Dataset records:

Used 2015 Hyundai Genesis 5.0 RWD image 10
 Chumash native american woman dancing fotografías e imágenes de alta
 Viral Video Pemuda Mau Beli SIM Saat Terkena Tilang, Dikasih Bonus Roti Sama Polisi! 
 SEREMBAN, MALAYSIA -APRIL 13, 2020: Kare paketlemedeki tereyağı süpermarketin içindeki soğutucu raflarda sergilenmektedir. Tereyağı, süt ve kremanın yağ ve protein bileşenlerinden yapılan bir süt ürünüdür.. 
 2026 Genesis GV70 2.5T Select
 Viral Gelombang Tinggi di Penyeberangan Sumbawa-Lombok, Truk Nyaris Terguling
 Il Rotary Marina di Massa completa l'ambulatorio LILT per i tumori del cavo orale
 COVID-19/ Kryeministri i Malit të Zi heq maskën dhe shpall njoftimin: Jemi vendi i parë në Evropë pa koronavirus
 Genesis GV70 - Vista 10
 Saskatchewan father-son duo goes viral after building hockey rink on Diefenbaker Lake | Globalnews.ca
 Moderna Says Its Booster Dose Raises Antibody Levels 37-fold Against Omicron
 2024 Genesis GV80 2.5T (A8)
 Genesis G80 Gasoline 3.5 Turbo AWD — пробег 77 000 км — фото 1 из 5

- _What the exercise asks_
Report the lines above that contain "Genesis".

- _Output below_
Used 2015 Hyundai Genesis 5.0 RWD image 10
 2026 Genesis GV70 2.5T Select
 Genesis GV70 - Vista 10
 2024 Genesis GV80 2.5T (A8)
 Genesis G80 Gasoline 3.5 Turbo AWD — пробег 77 000 км — фото 1 из 5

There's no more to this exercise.